Olímpio reclama também dos movimentos do senador Flávio Bolsonaro (PSL-RJ) contra a instalação da Comissão Parlamentar de Inquérito (CPI). Esse episódio escancarou a aproximação do “Zero 1” com a banda do Congresso interessada em barrar o combate à corrupção.
Suspeito de usar até o ano passado o gabinete de deputado estadual para fazer caixa ilegal, lavar dinheiro e proteger pessoas ligadas a milícias, o senador fluminense se tornou um obstáculo para o discurso em defesa da ética feito por Olímpio. Essa é uma das contradições entre a realidade e as atitudes da família Bolsonaro.

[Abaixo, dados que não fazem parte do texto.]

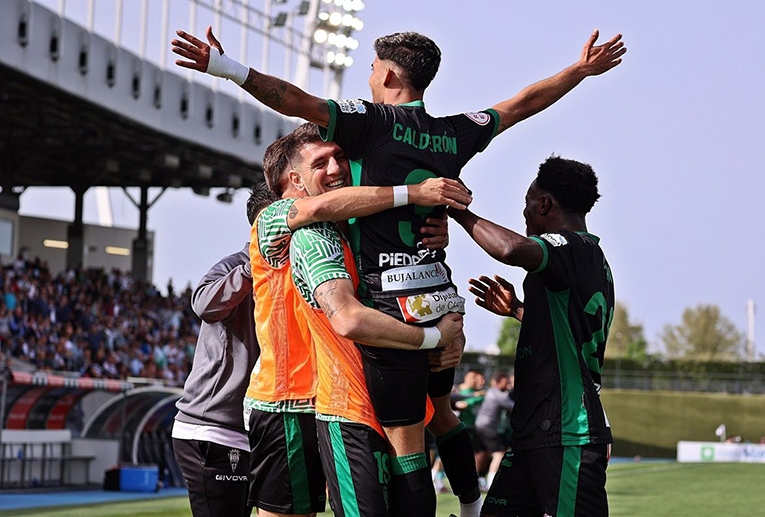 José Manuel Calderón será cordobesista hasta 2026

Nesse domingo (13/10/2019), o líder no Senado manteve o tom de confronto com outro filho do presidente, Carlos, vereador no Rio de Janeiro. Mais uma vez, reclamou do comportamento de “príncipes” dos três descendentes do capitão com mandato político.
O líder do PSL na Câmara, Delegado Waldir (GO), também observa a atuação da família presidencial. Em entrevista ao site Congresso em Foco, o deputado goiano exigiu transparência nos gastos de Jair Bolsonaro com cartão corporativo. “Ninguém deve ser imune”, justificou.
As divergências internas do PSL giram em torno do futuro da legenda, de verbas públicas, das alianças política e das candidaturas nas eleições de 2020 e 2022. Para se ter uma ideia dos montantes financeiros envolvidos nesse embate, para o ano que vem, o PSL terá R$ 359 milhões provenientes dos fundos eleitoral e partidário.
Quando trombam com aliados pelo comando da legenda, Bolsonaro e os filhos disputam também esses recursos públicos, valiosos para o futuro eleitoral da família de todos os integrantes do partido. Essas circunstâncias ajudam a entender um pouco o jogo arriscado do presidente no confronto com dirigentes do PSL.
Se o capitão não consegue liderar a unidade de seu partido, pode-se entender melhor as dificuldades que tem para compor maiorias suficientes para aprovar propostas no Congresso. Nesse contexto, o fogo amigo do PSL, a disputa por verbas públicas e as pendências legais das eleições de 2018 formam um conjunto de circunstâncias perigosas para a estabilidade do governo. Talvez por não ter outra saída, Bolsonaro parte para o confronto.